OPNsense 24.7.11_2-amd64

Diving the kernel bug db, I see a couple of things that pop up.
1. I got a new more explicit panic today:
sbsndptr: sockbuf 0xfffff800bc34e878 and mbuf 0xfffff80034f66500 clashing
2. Looking at the kernel bug reports, I found a couple of interesting ones: https://bugs.freebsd.org/bugzilla/show_bug.cgi?id=148807 and https://bugs.freebsd.org/bugzilla/show_bug.cgi?id=218270

The latter suggests setting hw.igb.num_queues=1, so I'm going to try that. It also seems that several people in the former bug are seeing problems related to ipv6. I wonder if the combo of ipv6 that does but also doesn't work and bouncing pppoe might be the magic sauce to make this crash.

For testing purposes it may help to disable smp (simultaneous multiprocessing). The idea behind is to mitigate concurrency within kernel mode.


  • Disable smp: loader tunable kern.smp.disabled=1
  • Disable specific cpu: loader tunable hint.lapic.X.disabled with "X" as the apic id of the cpu

Further details, see here
OPNsense 24.7.11_2-amd64

@cpw: Did you make any progress in testing?
OPNsense 24.7.11_2-amd64

I'll be working on this the next day or so. I don't want to kill the network while others are using it ;)

So, a small, positive (maybe?) update on this. I set hw.igb.num_queues to 1 in the tunables section. It seems the box has remained up, over an extended period, including a full reset of the pppoe connection. I am not 100% confident yet, but this seems like a massive improvement relative to where I was previously.


June 30, 2019, 08:03:18 PM #37 Last Edit: June 30, 2019, 08:07:14 PM by JDtheHutt
I have been experiencing this issue for a while now, and I also use PPPoE.  It's been driving me crazy and I lack the technical experience to solve it myself.  I thought it was due to my use of the earlier Wireguard packages, or maybe my hardware was faulty.  However, I returned to OpenVPN and removed WG, and did a fresh install on top of that, and also tested my hardware and didn't see any faults occurring there, but the issue has kept occurring.

I have also set the tunable as detailed by cpw and I'll report back in a few days as to how it is going.  I usually see at least one kernel panic a day, sometimes multiple, so I should know quite quickly.

I've stayed up for 50 hours without failure, however my PPPoE connection has not reset during that.
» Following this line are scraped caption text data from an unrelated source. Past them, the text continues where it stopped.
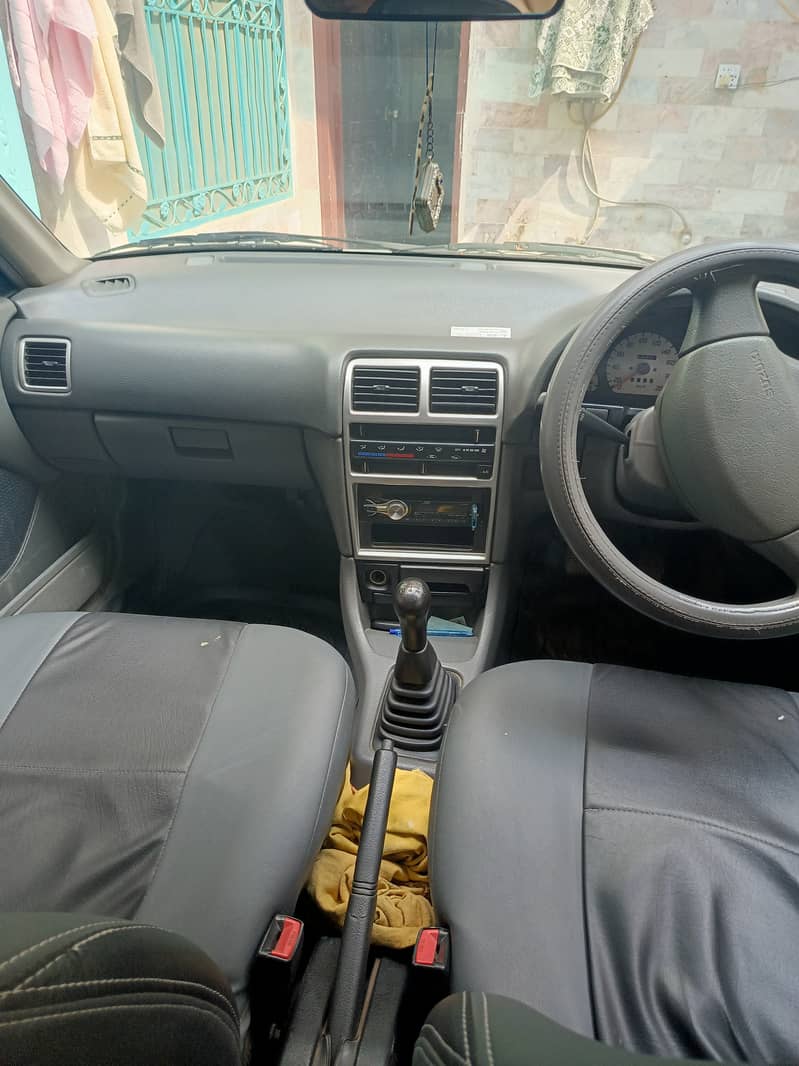 Suzuki cultus 2014 model 65000 km run 0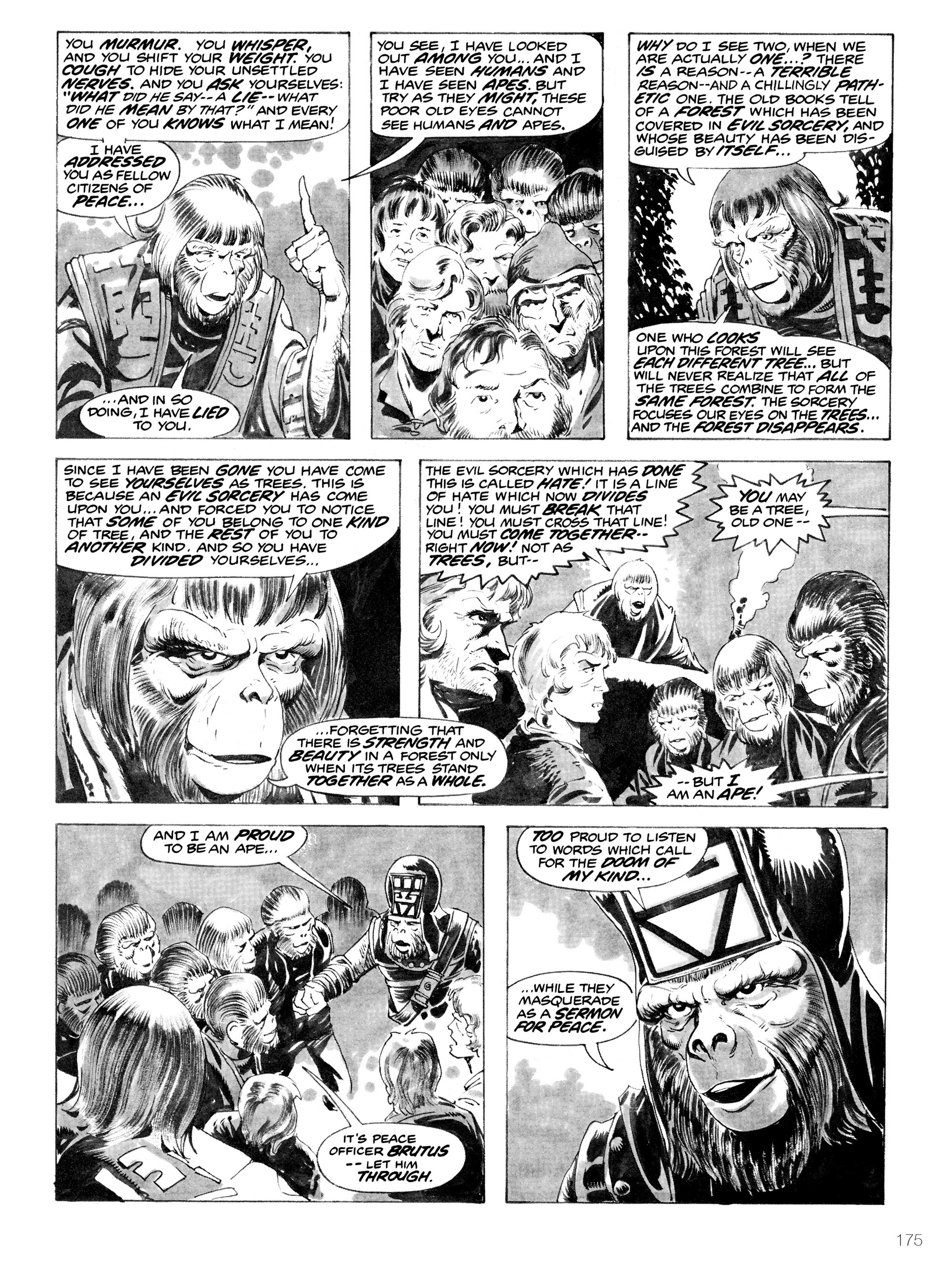 Read online Planet of the Apes: Archive comic -  Issue # TPB 1 (Part 2) - 72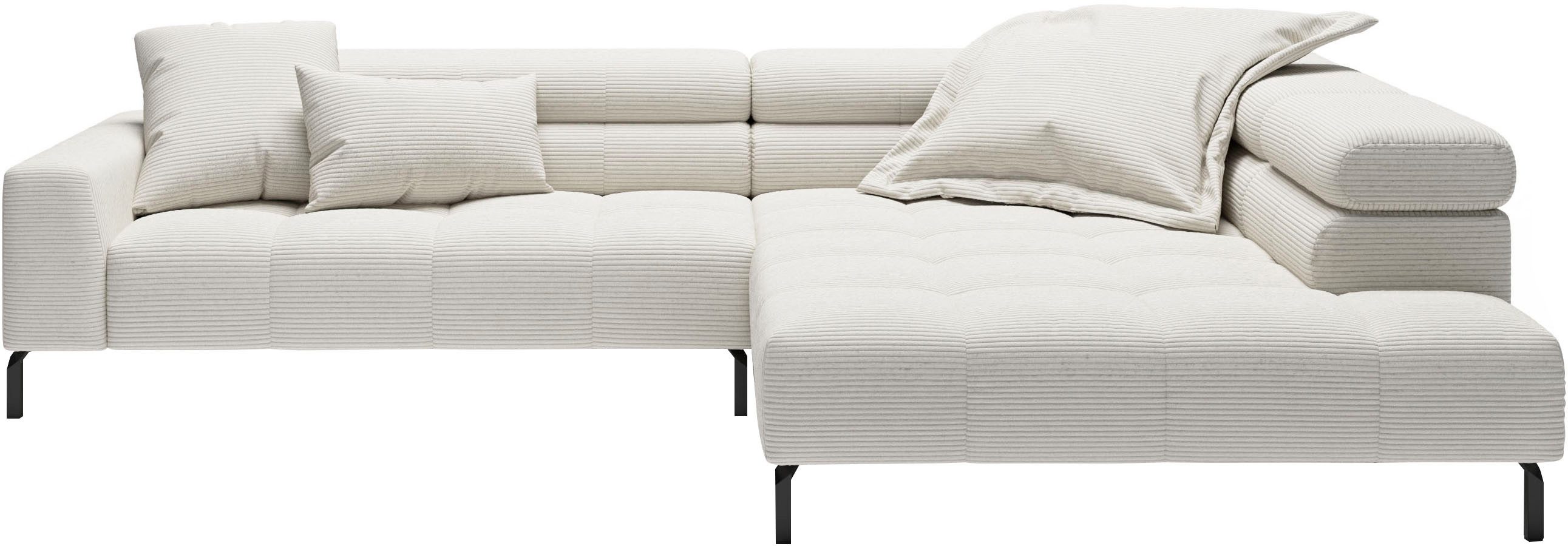 Places of Style Ecksofa Cleveland, L-Form, günstig online kaufen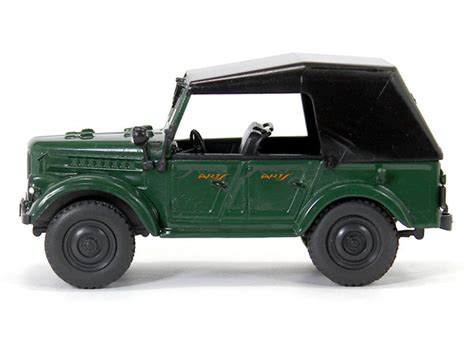 GAZ 69A 1:43 diecast Scale Model Car | Scale Arts India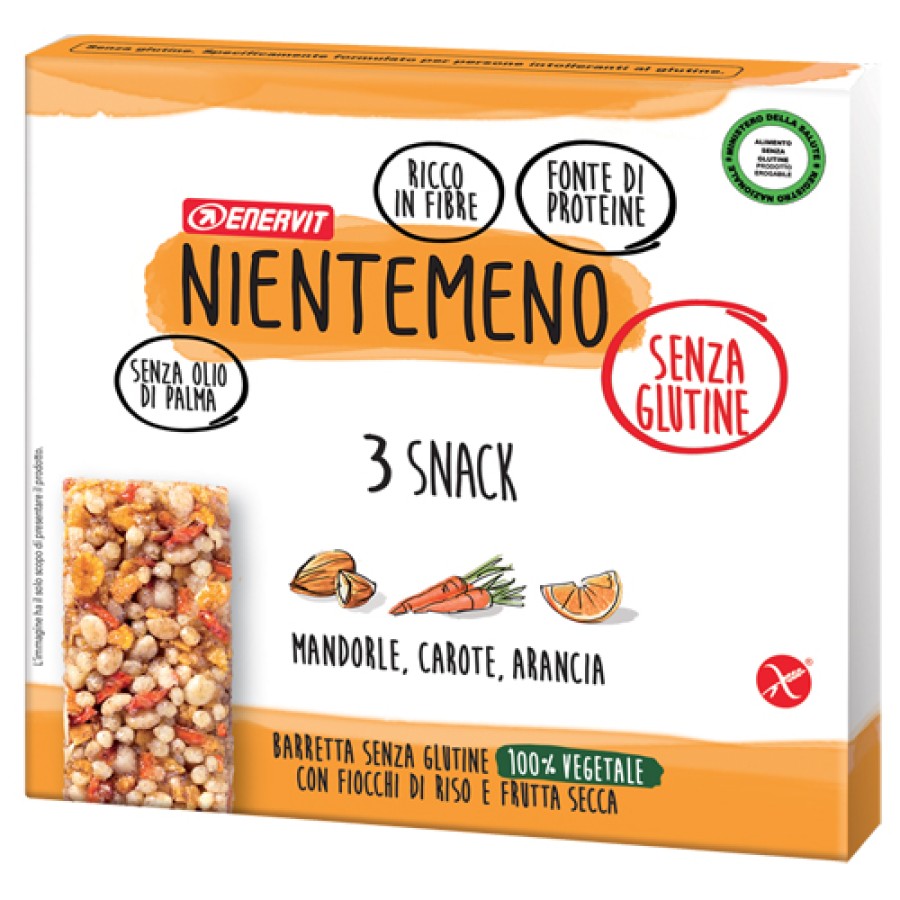 NIENTEMENO EN BARRETTA MNAD CAROTE ARANCIA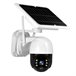 Cámara de vigilancia WiFi con energía solar Blanco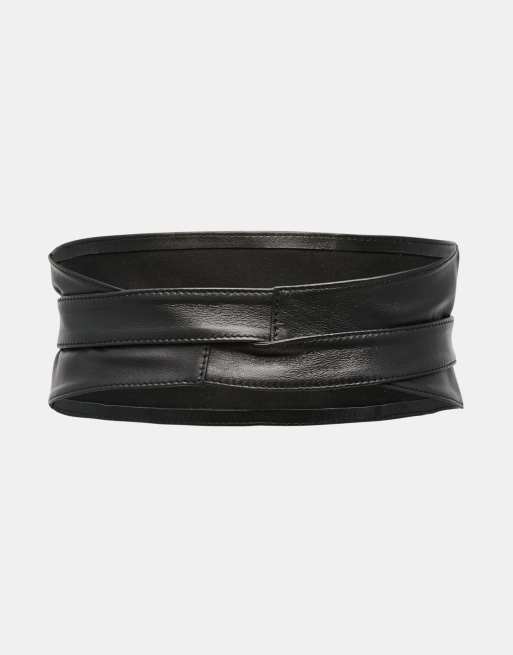 Ceinture shop obi cuir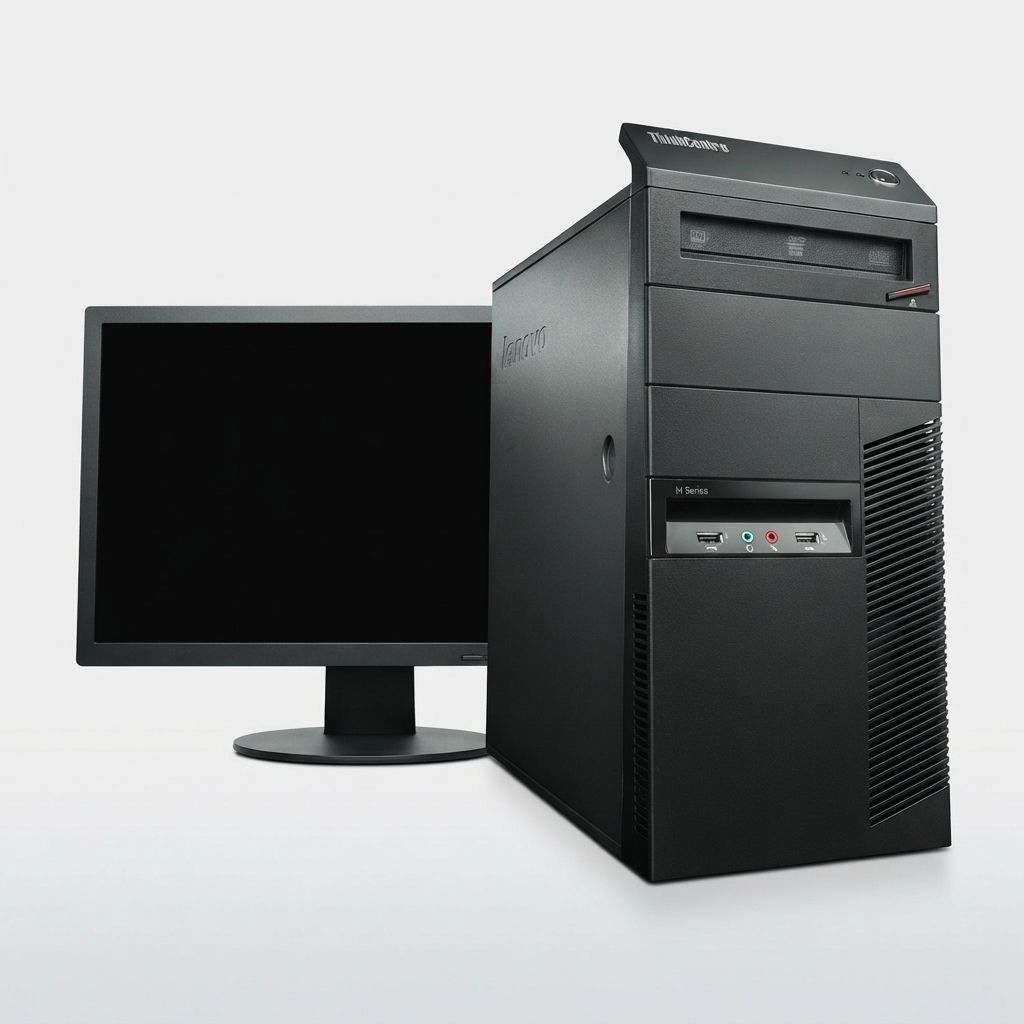 Lenovo - Desktop - ThinkCentre M77 (2002)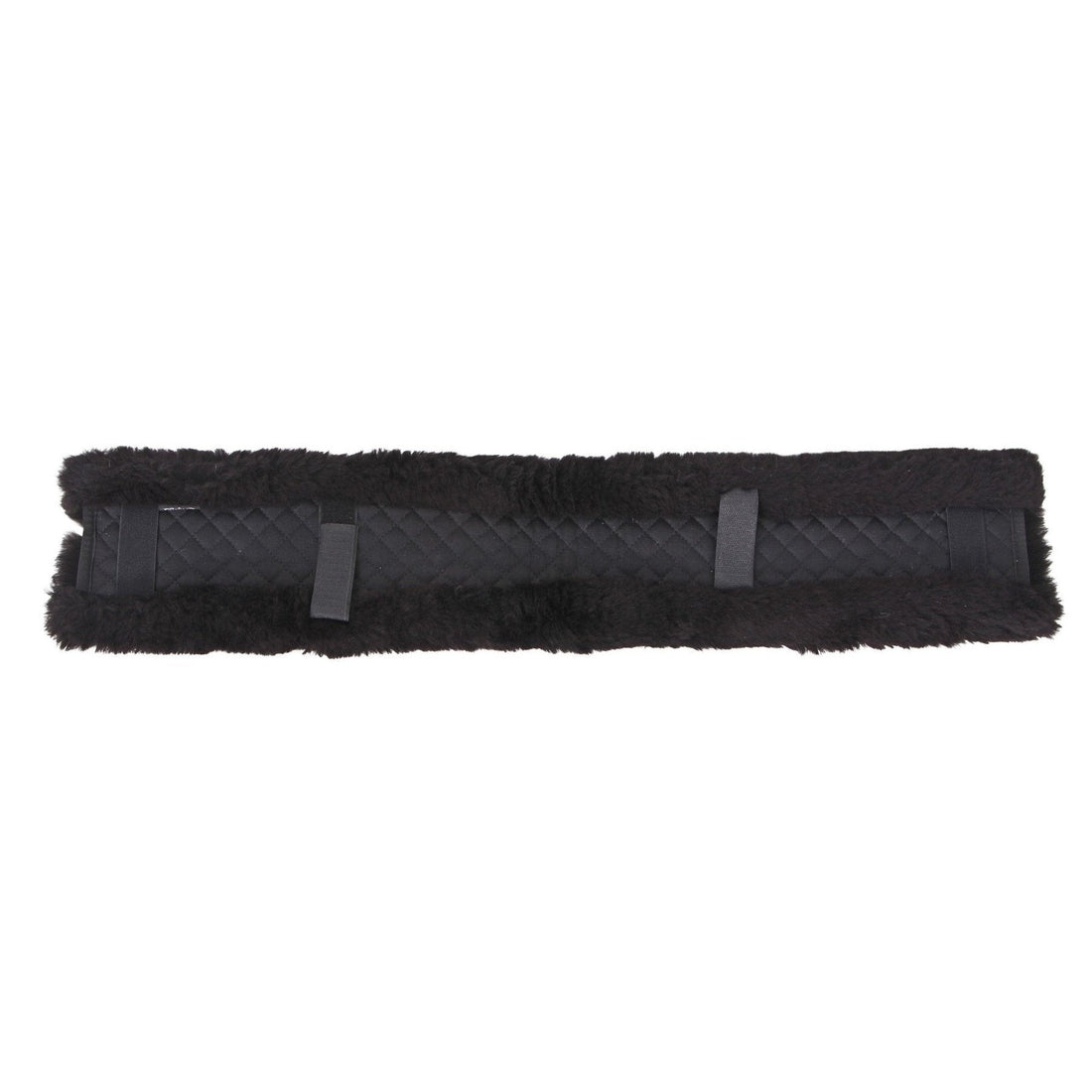 Cavallino Straight Lambswool Girth Sleeve - Black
I forced a reload of my PPPoE and OPNsense immediately died and required a reboot. So at least I know it is due to PPPoE, but that tunable has not fixed it.

Quote from: schnipp on June 21, 2019, 03:19:36 PM
For testing purposes it may help to disable smp (simultaneous multiprocessing). The idea behind is to mitigate concurrency within kernel mode.


  • Disable smp: loader tunable kern.smp.disabled=1
  • Disable specific cpu: loader tunable hint.lapic.X.disabled with "X" as the apic id of the cpu

Further details, see here

I'll try this next and report back in a few days

JDTheHutt are you using realtek NICs, or intel NICs? That tuneable only affects intel NICs.

I am using Intel NICs. I use a Supermicro X10SBA board and just went to their support page to confirm just in case I was mistaken.


Quote from: mimugmail on July 02, 2019, 07:18:43 PM
Intel I211?

Intel i210AT is what is listed for them. I hope you're not about to tell me that those are bored in BSD!

No, there's also a system known to stop service cause of 211, but not for 210.